EXERCISE DETAILS: Images should be omitted while the rest of the data is duplicated exactly.

===== DATA SECTION

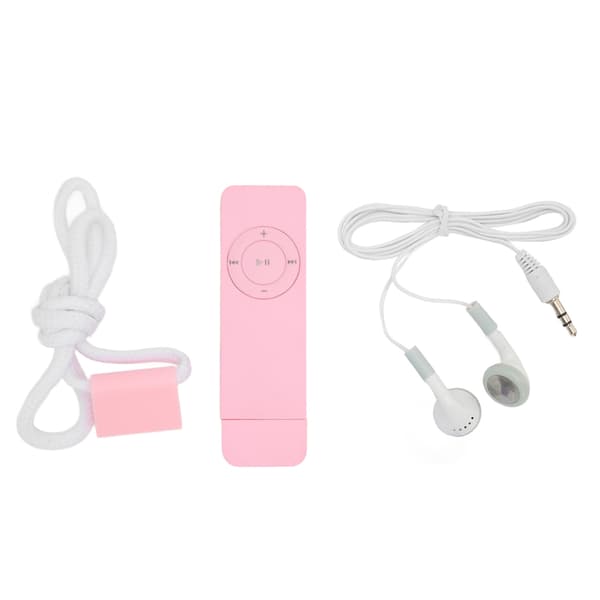 MP3-spiller tapsfri lydstøtte opptil 64 GB mini musikkspiller for studenter, løping, reise, rosa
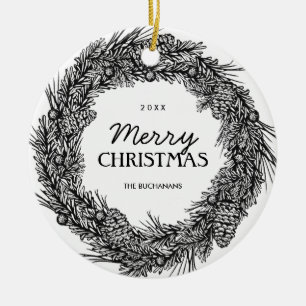 Kundengerechte Schwarzweiss-Wreath-Foto-Verzierung Keramik Ornament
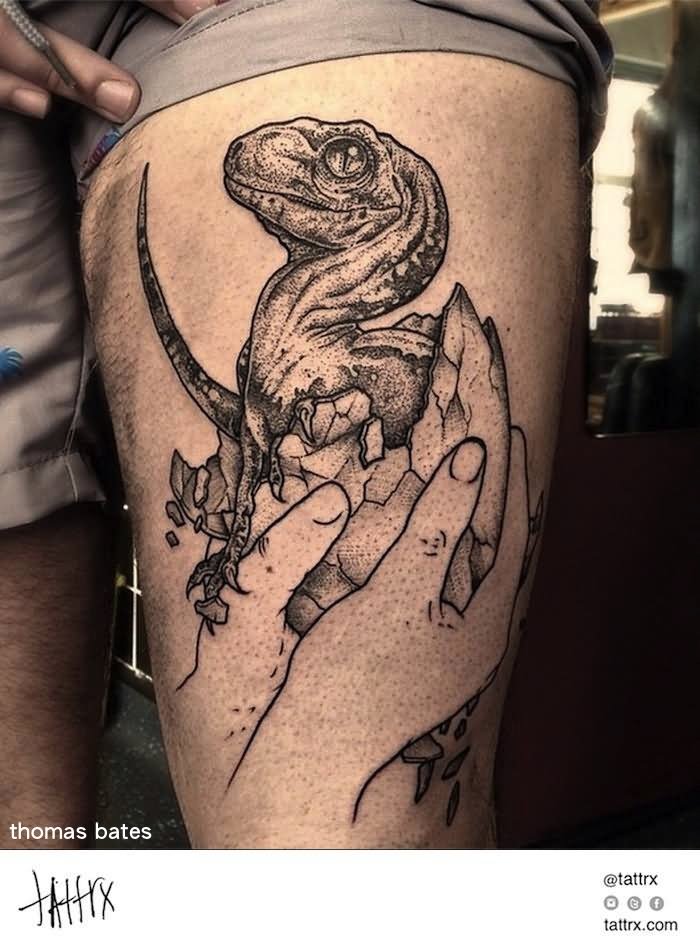 Geometric Dinosaur Tattoo On Left Thigh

==========

ANSWER BOX:
 MP3-spiller tapsfri lydstøtte opptil 64 GB mini musikkspiller for studenter, løping, reise, rosa
 Kundengerechte Schwarzweiss-Wreath-Foto-Verzierung Keramik Ornament
 Geometric Dinosaur Tattoo On Left Thigh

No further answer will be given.